We've decided to apply our years of experience in facilitating negotiations between struggling homeowners and their lenders to the field of loan modifications too. We want to help struggling homeowners negotiate loan-mods that will actually help them. Everyone’s situation is unique, and there is no single solution to financial troubles that works for all. Our experienced case managers review each homeowner’s situation individually. We look at the pros of all possible solutions - loan modification, short sale, bankruptcy - and our professionals work with our clients all the way, from making the important decisions and making a plan, to carrying out that plan.

We now have an attorney on staff who is dedicated to loan modifications. We look forward to this expansion in our services - so we can review each homeowner's unique situation carefully and offer all options to them.

Our plan is to focus on residents of Washington State who have recently received a Notice of Default (NOD). We will then file immediately for mediation, under Washington’s Foreclosure Fairness Act. Filing for mediation typically stops the foreclosure in its tracks. It allows us time to review the homeowner’s situation, and come up with an appropriate solution. If a loan modification is the best solution, this allows for a very manageable loan modification process, where we work directly with the beneficiary of the borrower’s note.

Seattle Short Sales has a team of experienced and successful real estate specialists dedicated to working with distressed homeowners. We close, on average, 12% of all short sales per month in King County. In the last 24 months, we have negotiated over 756 short sale approvals, and discounted over $81 million of mortgage debt for distressed homeowners.

In addition to our short sales negotiators, our team includes dedicated professionals advising and advocating for homeowners in the fields of: loan modifications, bankruptcy, debt settlement and collection defense. As part of our service, we offer unlimited attorney and CPA consultations.

If you are a homeowner who is struggling to make ends meet, and would like to learn more about the options available to you, please go to:

Facts and Figures: A Detailed Look at What is Really Wrong With Loan Modifications

- Monday, March 14, 2011

We’ve been hearing lots of general statistics about the failure of loan modifications programs, both HAMP and loan modifications negotiated outside of HAMP. For example, last month’s news that nearly half of loan modifications that made it to “permanent” status end up falling behind within 12 months.

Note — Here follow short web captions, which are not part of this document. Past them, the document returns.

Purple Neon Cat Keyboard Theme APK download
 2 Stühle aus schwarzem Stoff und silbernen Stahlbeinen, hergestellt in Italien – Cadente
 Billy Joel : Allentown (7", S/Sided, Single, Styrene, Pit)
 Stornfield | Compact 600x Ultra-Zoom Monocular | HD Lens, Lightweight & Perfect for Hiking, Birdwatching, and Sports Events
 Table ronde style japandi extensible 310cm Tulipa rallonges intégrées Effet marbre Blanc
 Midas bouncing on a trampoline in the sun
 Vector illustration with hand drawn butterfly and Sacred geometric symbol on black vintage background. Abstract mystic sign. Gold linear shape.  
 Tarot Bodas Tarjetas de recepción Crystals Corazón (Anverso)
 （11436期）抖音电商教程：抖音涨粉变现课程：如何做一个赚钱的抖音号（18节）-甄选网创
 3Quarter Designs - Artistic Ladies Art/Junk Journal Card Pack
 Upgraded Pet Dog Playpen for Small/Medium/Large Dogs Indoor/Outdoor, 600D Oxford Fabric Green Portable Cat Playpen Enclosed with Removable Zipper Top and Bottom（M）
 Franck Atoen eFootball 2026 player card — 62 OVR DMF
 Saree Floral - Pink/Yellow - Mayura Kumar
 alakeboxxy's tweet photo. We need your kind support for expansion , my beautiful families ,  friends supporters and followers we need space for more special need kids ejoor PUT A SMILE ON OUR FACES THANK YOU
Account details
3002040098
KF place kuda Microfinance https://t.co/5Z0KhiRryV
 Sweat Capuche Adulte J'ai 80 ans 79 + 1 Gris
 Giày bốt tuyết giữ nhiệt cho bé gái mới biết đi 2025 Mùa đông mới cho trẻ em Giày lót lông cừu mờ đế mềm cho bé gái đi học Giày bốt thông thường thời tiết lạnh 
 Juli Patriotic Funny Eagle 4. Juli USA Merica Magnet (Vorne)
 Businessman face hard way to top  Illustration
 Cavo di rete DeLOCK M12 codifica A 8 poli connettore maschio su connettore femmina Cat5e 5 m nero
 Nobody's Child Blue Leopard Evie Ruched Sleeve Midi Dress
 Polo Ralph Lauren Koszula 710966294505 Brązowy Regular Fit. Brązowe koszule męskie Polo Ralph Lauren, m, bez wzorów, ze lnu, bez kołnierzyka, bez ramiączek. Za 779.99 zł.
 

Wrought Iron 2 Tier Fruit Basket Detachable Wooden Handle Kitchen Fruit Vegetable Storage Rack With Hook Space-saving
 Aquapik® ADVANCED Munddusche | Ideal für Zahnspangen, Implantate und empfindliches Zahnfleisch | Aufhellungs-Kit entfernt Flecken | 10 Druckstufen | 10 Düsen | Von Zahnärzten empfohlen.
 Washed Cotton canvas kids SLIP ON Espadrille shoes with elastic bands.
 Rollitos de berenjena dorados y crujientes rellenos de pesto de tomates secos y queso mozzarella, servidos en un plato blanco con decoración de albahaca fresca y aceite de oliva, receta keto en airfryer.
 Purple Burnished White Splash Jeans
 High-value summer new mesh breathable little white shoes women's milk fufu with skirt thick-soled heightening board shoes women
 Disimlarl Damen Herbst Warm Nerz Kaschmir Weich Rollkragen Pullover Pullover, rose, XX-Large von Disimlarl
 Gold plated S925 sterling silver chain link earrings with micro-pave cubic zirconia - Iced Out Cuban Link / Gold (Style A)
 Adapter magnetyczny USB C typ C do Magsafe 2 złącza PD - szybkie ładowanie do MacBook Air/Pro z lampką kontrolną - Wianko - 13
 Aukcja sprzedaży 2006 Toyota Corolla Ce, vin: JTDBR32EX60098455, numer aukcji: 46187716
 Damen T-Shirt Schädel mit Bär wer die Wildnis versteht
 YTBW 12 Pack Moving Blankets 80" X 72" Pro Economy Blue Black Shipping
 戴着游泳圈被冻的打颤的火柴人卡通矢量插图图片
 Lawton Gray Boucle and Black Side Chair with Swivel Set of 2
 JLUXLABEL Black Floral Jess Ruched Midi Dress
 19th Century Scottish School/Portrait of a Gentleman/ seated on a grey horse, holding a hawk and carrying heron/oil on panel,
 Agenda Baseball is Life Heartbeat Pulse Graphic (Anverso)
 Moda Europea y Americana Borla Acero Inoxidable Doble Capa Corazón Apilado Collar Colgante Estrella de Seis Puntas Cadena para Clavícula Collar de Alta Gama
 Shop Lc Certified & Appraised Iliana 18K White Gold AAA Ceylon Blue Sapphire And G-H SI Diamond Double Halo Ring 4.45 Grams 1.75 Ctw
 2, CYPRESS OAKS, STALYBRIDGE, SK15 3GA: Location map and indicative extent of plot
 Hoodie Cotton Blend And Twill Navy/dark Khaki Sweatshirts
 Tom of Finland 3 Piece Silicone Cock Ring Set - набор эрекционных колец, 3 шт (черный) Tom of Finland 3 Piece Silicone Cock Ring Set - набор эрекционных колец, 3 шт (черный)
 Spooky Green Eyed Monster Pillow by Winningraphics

But a new study out this past week presents the most detailed analysis yet. Using the Treasury Department’s own figures, information obtained from Freedom of Information Requests, and industry and state data, authors Olga Pierce and Paul Kiel of have taken a detailed look at how loan modification programs are working. And their conclusion is that HAMP, as well as other loan-modification programs outside of HAMP, are an overall failure.

Below, you will find highlights of some of the conclusions the authors came to - but please refer to their original article By the Numbers: A Revealing Look at the Mortgage Mod Meltdown for more details on how they arrived at their conclusions, and especially for their great graphics that illustrate the scale of the loan modification problems.

Only a fraction of struggling homeowners are getting help.
A very small percentage of underwater homeowners are receiving loan modifications, and the average rate at which loan modifications are being negotiated is not significantly different from what the rate was before HAMP was initiated.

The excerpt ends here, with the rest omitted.